Most C++ compilers, as well as all major compilers, provide a standard-compliant implementation of the C++ standard library.

C++ Core Guidelines

The C++ Core Guidelines are an initiative led by C++ creator Bjarne Stroustrup and Herb Sutter, chair of the C++ ISO working group, aimed at helping programmers write “modern C++” by using best practices of the language standard from C++14 and beyond, and assisting developers of compilers and static analysis tools in formulating rules to catch bad programming practices.

The main goal is to write type and resource-safe C++ efficiently and consistently.

The core guidelines were announced in the opening keynote of CPPC in 2015.
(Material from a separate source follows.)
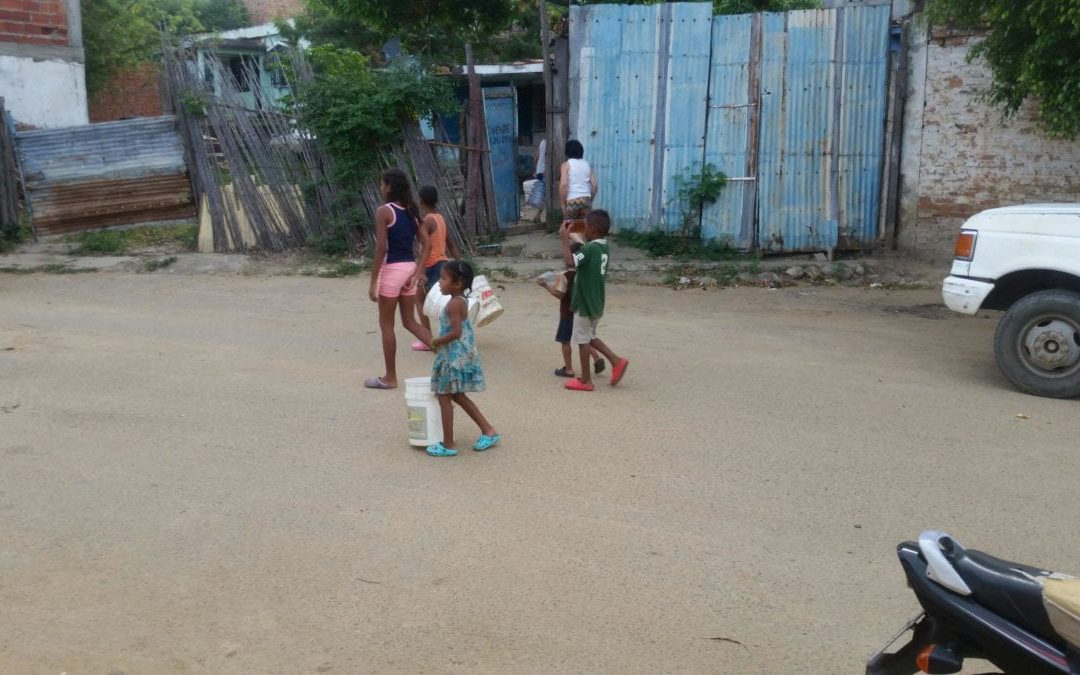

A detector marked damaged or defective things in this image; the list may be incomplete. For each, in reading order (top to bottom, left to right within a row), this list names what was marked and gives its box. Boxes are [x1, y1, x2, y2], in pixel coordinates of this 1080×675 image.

The guidelines are accompanied by a Guidelines Support Library (GSL), which is a header-only library of types and functions for implementing the core guidelines and executing static analysis tools for the guidelines’ rules.

Compatibility

To give compiler vendors greater freedom, the C++ standards committee decided not to mandate the implementation of name mangling, exception handling, and other implementation-specific features. The downside of this decision is that the target code generated by different compilers is expected to be incompatible. However, attempts have been made to standardize compilers for specific machines or operating systems (such as C++ ABI), although they now seem to have been largely abandoned.

Relationship with C

C++ is often considered a superset of C, but strictly speaking, it is not. Most C code can be compiled correctly in C++ with little effort, but there are also some differences that cause some valid C code to be invalid or behave differently in C++. For example, C allows implicit conversions from void* to other pointer types, but C++ does not (for type safety reasons). Additionally, C++ defines many new keywords, such as new and class, which can be used as identifiers (e.g., variable names) in C programs.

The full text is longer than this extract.